Dass die Wahrheit des Krieges vermutlich irgendwo zwischen diesen Darstellungen liegt, legt auch ein kürzlich vorgestellter offener Brief der amerikanischen Menschenrechtsorganisation Human Rights Watch (HRW) nahe. Er ist an den oppositionellen Syrischen Nationalrat gerichtet, der von Paris aus als Sprachrohr der Widerständler in Syrien auftritt. In dem Brief berichtet HRW von Entführungen, Folterungen, Hinrichtungen, die die bewaffneten Widerstandskämpfer der sogenannten Freien Syrischen Armee begangen haben sollen. Und das nicht nur an Armeesoldaten, sondern auch an Zivilisten. Darunter sollen auch Fälle sein, die auf religiöse Motive hindeuten. Offenbar liegen konkrete Erkenntnisse darüber vor. HRW fordert in dem Brief den syrischen Nationalrat auf, diese Fälle zu verurteilen und darauf hinzuwirken, dass dies nicht mehr vorkomme.

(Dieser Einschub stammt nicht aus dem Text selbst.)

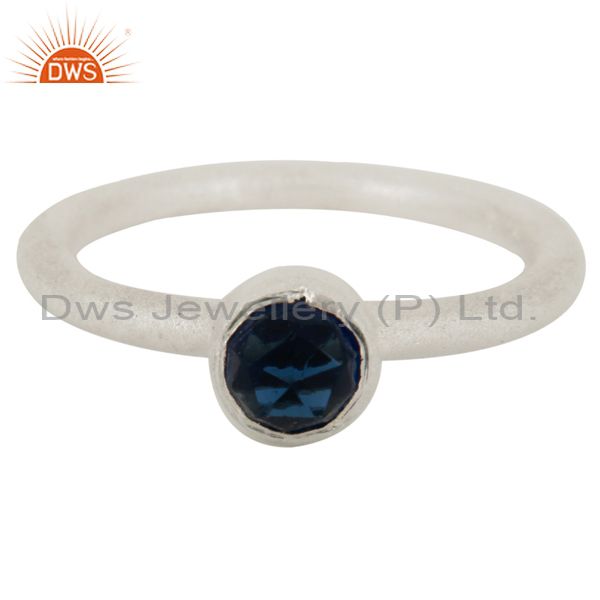 Wholesalers 925 Sterling Silver Natural Blue Corundum Round Cut Stackable Ring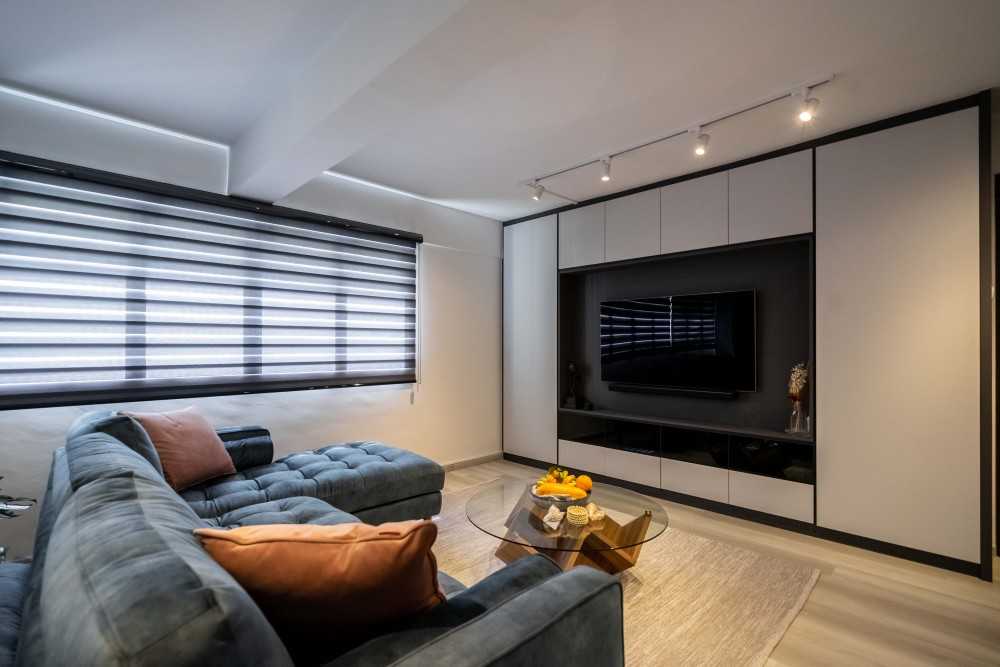Modern Living Room with TV Console and Feature Wall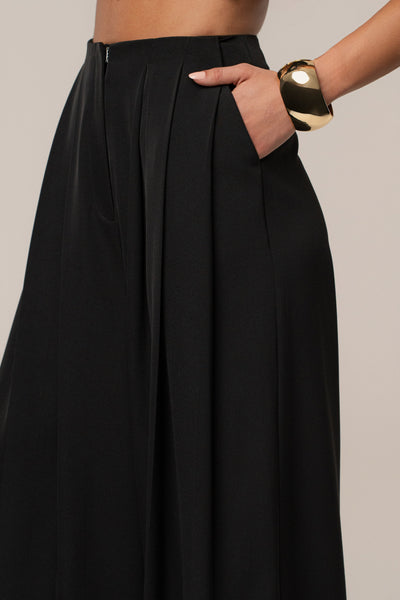 Black Summer Ease Wide Leg Pants - VELIA
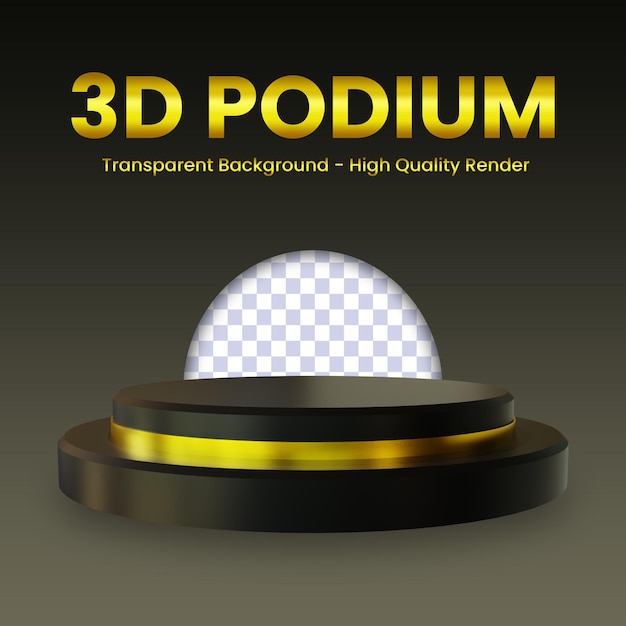 Realistische 3d-darstellung von black gold podium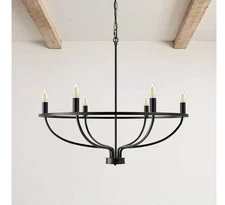 KIGHSIN Black Farmhouse Iron Chandelier, Industrial 6-Light Candle Hanging Light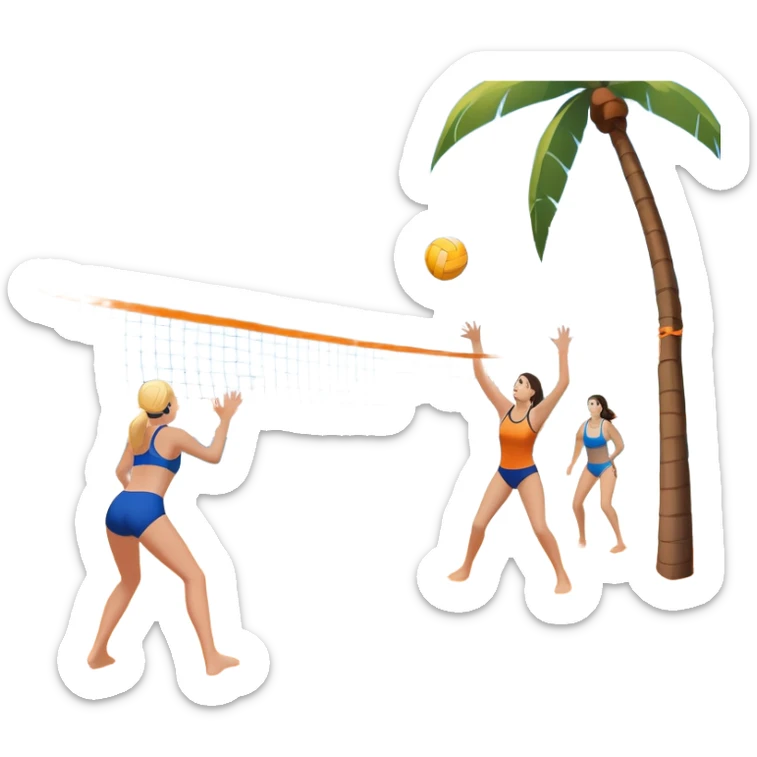 A volleyball resting on the orange sand of a beach, with a volleyball net in the background. The scene includes a beautiful beach landscape with blue sea, sky, and palm trees, while a couple of women in swimsuits play in the distance, capturing the relaxed yet competitive vibe of beach volleyball. sticker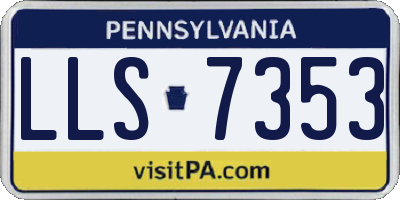 PA license plate LLS7353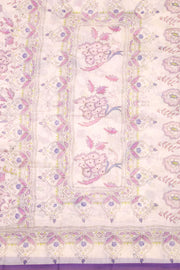 Cream Kalamkari Kantha Printed Malai Cotton Saree 10074905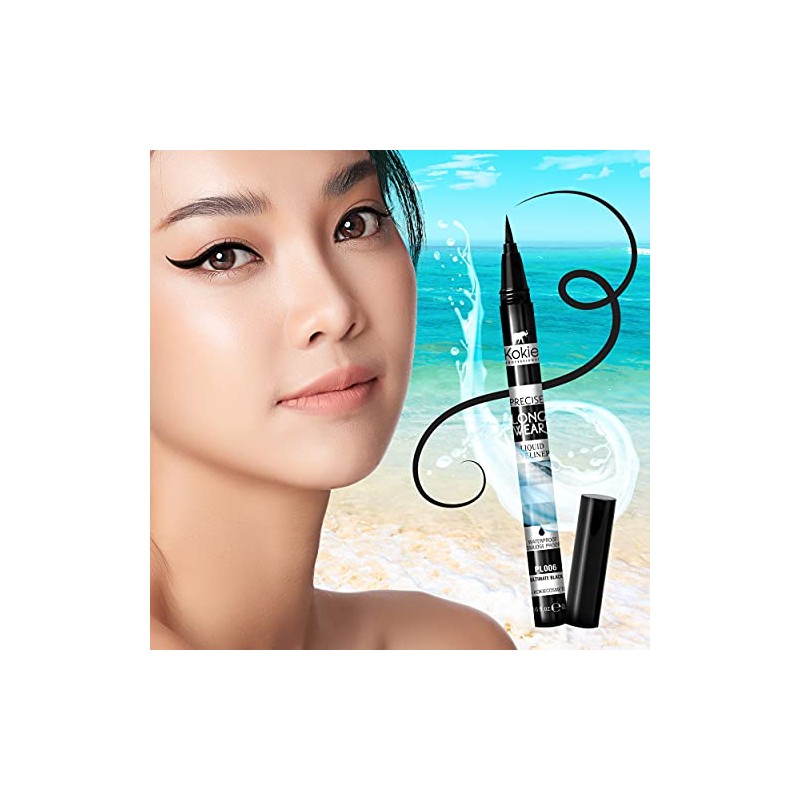 Kokie Precise Longwear Liquid Eyeliner, Waterproof, Smudge Proof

Dschihadisten bekennen sich zu Attentaten

Zu den am vergangenen Wochenende bekennt sich unterdessen eine bis vor kurzem unbekannte Gruppe, die sich "Al-Nusra-Front zum Schutz der Levante" nennt. Es handelt sich um eine islamistische Gruppe, die sich im vergangenen Jahr aus der Widerstandsbewegung formiert hat. Bei den Bombenanschlägen waren in Damaskus und Aleppo mehrere Dutzend Menschen ums Leben gekommen.